Activity: Repeat the material exactly, every line of it.

Data records:
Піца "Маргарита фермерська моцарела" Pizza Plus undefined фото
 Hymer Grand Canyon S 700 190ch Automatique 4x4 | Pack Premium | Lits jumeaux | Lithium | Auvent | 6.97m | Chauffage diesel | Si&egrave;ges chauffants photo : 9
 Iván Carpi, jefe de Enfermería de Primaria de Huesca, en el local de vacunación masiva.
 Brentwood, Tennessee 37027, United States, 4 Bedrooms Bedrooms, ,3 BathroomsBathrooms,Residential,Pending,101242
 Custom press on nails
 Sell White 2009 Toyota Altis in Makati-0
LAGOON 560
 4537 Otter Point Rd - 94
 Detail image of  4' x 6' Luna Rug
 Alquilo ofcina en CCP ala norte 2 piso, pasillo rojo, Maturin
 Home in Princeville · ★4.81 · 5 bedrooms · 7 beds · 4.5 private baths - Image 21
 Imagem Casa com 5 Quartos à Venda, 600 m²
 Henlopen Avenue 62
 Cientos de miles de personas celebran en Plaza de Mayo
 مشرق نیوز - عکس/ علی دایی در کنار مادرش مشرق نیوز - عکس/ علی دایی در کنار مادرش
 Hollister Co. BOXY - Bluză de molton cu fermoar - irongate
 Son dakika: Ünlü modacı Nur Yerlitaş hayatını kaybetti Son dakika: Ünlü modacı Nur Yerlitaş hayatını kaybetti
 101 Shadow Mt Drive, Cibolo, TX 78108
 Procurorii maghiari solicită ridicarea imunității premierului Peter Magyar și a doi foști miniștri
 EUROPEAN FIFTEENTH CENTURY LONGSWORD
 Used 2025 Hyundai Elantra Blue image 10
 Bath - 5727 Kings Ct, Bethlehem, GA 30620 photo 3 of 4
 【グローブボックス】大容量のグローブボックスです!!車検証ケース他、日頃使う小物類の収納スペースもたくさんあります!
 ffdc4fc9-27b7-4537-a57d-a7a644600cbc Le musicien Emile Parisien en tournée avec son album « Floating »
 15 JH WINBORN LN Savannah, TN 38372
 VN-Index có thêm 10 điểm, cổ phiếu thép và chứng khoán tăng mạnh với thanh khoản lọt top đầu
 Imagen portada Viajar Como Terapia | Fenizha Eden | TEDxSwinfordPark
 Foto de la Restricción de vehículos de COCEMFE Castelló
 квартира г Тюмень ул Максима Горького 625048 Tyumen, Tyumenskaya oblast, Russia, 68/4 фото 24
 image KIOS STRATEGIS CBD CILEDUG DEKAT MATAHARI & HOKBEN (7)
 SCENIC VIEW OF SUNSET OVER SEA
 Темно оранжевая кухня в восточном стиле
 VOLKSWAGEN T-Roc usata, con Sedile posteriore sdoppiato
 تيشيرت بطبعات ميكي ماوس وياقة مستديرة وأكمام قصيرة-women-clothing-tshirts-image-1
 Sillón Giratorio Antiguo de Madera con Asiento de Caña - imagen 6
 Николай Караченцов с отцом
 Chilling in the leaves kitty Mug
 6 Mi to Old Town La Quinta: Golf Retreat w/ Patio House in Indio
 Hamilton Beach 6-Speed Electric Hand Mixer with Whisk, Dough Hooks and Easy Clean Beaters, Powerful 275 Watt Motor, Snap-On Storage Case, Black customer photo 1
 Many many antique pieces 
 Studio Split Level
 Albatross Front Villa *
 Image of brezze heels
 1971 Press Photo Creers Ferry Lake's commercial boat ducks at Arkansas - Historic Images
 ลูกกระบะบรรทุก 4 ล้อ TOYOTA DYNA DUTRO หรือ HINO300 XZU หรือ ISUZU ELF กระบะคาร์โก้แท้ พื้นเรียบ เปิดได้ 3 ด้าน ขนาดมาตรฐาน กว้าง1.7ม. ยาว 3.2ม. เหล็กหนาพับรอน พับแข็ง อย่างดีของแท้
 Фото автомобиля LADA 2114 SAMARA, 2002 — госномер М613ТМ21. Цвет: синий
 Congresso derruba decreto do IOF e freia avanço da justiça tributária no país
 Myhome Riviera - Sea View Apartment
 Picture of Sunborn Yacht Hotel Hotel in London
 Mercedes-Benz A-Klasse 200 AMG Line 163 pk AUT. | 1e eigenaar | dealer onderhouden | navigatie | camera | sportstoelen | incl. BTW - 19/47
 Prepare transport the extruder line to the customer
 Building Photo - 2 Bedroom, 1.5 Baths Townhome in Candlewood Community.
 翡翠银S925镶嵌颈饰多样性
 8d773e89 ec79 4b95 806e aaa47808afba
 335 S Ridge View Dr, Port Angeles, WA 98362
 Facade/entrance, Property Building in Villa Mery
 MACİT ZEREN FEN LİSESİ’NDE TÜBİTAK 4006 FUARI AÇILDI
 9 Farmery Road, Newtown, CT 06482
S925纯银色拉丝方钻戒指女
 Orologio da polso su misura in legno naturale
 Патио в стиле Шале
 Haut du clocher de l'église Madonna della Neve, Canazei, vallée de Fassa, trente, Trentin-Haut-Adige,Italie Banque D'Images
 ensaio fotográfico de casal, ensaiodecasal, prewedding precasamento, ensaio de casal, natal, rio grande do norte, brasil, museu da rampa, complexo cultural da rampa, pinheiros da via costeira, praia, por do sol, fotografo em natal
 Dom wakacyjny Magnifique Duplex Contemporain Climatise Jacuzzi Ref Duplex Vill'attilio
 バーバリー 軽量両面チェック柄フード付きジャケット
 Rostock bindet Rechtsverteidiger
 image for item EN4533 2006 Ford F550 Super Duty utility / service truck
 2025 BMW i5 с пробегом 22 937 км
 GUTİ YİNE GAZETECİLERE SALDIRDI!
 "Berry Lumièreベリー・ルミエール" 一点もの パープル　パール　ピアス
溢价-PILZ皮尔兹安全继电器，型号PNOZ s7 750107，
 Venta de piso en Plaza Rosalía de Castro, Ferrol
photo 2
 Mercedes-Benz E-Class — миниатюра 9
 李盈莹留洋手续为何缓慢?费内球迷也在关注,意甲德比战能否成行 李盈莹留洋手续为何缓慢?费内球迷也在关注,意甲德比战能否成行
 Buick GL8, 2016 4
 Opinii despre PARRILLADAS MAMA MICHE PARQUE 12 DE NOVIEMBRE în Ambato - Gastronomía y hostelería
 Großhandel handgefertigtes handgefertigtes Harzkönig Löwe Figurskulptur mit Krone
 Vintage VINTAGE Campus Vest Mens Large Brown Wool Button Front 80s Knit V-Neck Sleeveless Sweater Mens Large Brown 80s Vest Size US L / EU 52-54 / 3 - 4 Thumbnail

Written answer:
Піца "Маргарита фермерська моцарела" Pizza Plus undefined фото
 Hymer Grand Canyon S 700 190ch Automatique 4x4 | Pack Premium | Lits jumeaux | Lithium | Auvent | 6.97m | Chauffage diesel | Si&egrave;ges chauffants photo : 9
 Iván Carpi, jefe de Enfermería de Primaria de Huesca, en el local de vacunación masiva.
 Brentwood, Tennessee 37027, United States, 4 Bedrooms Bedrooms, ,3 BathroomsBathrooms,Residential,Pending,101242
 Custom press on nails
 Sell White 2009 Toyota Altis in Makati-0
LAGOON 560
 4537 Otter Point Rd - 94
 Detail image of  4' x 6' Luna Rug
 Alquilo ofcina en CCP ala norte 2 piso, pasillo rojo, Maturin
 Home in Princeville · ★4.81 · 5 bedrooms · 7 beds · 4.5 private baths - Image 21
 Imagem Casa com 5 Quartos à Venda, 600 m²
 Henlopen Avenue 62
 Cientos de miles de personas celebran en Plaza de Mayo
 مشرق نیوز - عکس/ علی دایی در کنار مادرش مشرق نیوز - عکس/ علی دایی در کنار مادرش
 Hollister Co. BOXY - Bluză de molton cu fermoar - irongate
 Son dakika: Ünlü modacı Nur Yerlitaş hayatını kaybetti Son dakika: Ünlü modacı Nur Yerlitaş hayatını kaybetti
 101 Shadow Mt Drive, Cibolo, TX 78108
 Procurorii maghiari solicită ridicarea imunității premierului Peter Magyar și a doi foști miniștri
 EUROPEAN FIFTEENTH CENTURY LONGSWORD
 Used 2025 Hyundai Elantra Blue image 10
 Bath - 5727 Kings Ct, Bethlehem, GA 30620 photo 3 of 4
 【グローブボックス】大容量のグローブボックスです!!車検証ケース他、日頃使う小物類の収納スペースもたくさんあります!
 ffdc4fc9-27b7-4537-a57d-a7a644600cbc Le musicien Emile Parisien en tournée avec son album « Floating »
 15 JH WINBORN LN Savannah, TN 38372
 VN-Index có thêm 10 điểm, cổ phiếu thép và chứng khoán tăng mạnh với thanh khoản lọt top đầu
 Imagen portada Viajar Como Terapia | Fenizha Eden | TEDxSwinfordPark
 Foto de la Restricción de vehículos de COCEMFE Castelló
 квартира г Тюмень ул Максима Горького 625048 Tyumen, Tyumenskaya oblast, Russia, 68/4 фото 24
 image KIOS STRATEGIS CBD CILEDUG DEKAT MATAHARI & HOKBEN (7)
 SCENIC VIEW OF SUNSET OVER SEA
 Темно оранжевая кухня в восточном стиле
 VOLKSWAGEN T-Roc usata, con Sedile posteriore sdoppiato
 تيشيرت بطبعات ميكي ماوس وياقة مستديرة وأكمام قصيرة-women-clothing-tshirts-image-1
 Sillón Giratorio Antiguo de Madera con Asiento de Caña - imagen 6
 Николай Караченцов с отцом
 Chilling in the leaves kitty Mug
 6 Mi to Old Town La Quinta: Golf Retreat w/ Patio House in Indio
 Hamilton Beach 6-Speed Electric Hand Mixer with Whisk, Dough Hooks and Easy Clean Beaters, Powerful 275 Watt Motor, Snap-On Storage Case, Black customer photo 1
 Many many antique pieces 
 Studio Split Level
 Albatross Front Villa *
 Image of brezze heels
 1971 Press Photo Creers Ferry Lake's commercial boat ducks at Arkansas - Historic Images
 ลูกกระบะบรรทุก 4 ล้อ TOYOTA DYNA DUTRO หรือ HINO300 XZU หรือ ISUZU ELF กระบะคาร์โก้แท้ พื้นเรียบ เปิดได้ 3 ด้าน ขนาดมาตรฐาน กว้าง1.7ม. ยาว 3.2ม. เหล็กหนาพับรอน พับแข็ง อย่างดีของแท้
 Фото автомобиля LADA 2114 SAMARA, 2002 — госномер М613ТМ21. Цвет: синий
 Congresso derruba decreto do IOF e freia avanço da justiça tributária no país
 Myhome Riviera - Sea View Apartment
 Picture of Sunborn Yacht Hotel Hotel in London
 Mercedes-Benz A-Klasse 200 AMG Line 163 pk AUT. | 1e eigenaar | dealer onderhouden | navigatie | camera | sportstoelen | incl. BTW - 19/47
 Prepare transport the extruder line to the customer
 Building Photo - 2 Bedroom, 1.5 Baths Townhome in Candlewood Community.
 翡翠银S925镶嵌颈饰多样性
 8d773e89 ec79 4b95 806e aaa47808afba
 335 S Ridge View Dr, Port Angeles, WA 98362
 Facade/entrance, Property Building in Villa Mery
 MACİT ZEREN FEN LİSESİ’NDE TÜBİTAK 4006 FUARI AÇILDI
 9 Farmery Road, Newtown, CT 06482
S925纯银色拉丝方钻戒指女
 Orologio da polso su misura in legno naturale
 Патио в стиле Шале
 Haut du clocher de l'église Madonna della Neve, Canazei, vallée de Fassa, trente, Trentin-Haut-Adige,Italie Banque D'Images
 ensaio fotográfico de casal, ensaiodecasal, prewedding precasamento, ensaio de casal, natal, rio grande do norte, brasil, museu da rampa, complexo cultural da rampa, pinheiros da via costeira, praia, por do sol, fotografo em natal
 Dom wakacyjny Magnifique Duplex Contemporain Climatise Jacuzzi Ref Duplex Vill'attilio
 バーバリー 軽量両面チェック柄フード付きジャケット
 Rostock bindet Rechtsverteidiger
 image for item EN4533 2006 Ford F550 Super Duty utility / service truck
 2025 BMW i5 с пробегом 22 937 км
 GUTİ YİNE GAZETECİLERE SALDIRDI!
 "Berry Lumièreベリー・ルミエール" 一点もの パープル　パール　ピアス
溢价-PILZ皮尔兹安全继电器，型号PNOZ s7 750107，
 Venta de piso en Plaza Rosalía de Castro, Ferrol
photo 2
 Mercedes-Benz E-Class — миниатюра 9
 李盈莹留洋手续为何缓慢?费内球迷也在关注,意甲德比战能否成行 李盈莹留洋手续为何缓慢?费内球迷也在关注,意甲德比战能否成行
 Buick GL8, 2016 4
 Opinii despre PARRILLADAS MAMA MICHE PARQUE 12 DE NOVIEMBRE în Ambato - Gastronomía y hostelería
 Großhandel handgefertigtes handgefertigtes Harzkönig Löwe Figurskulptur mit Krone
 Vintage VINTAGE Campus Vest Mens Large Brown Wool Button Front 80s Knit V-Neck Sleeveless Sweater Mens Large Brown 80s Vest Size US L / EU 52-54 / 3 - 4 Thumbnail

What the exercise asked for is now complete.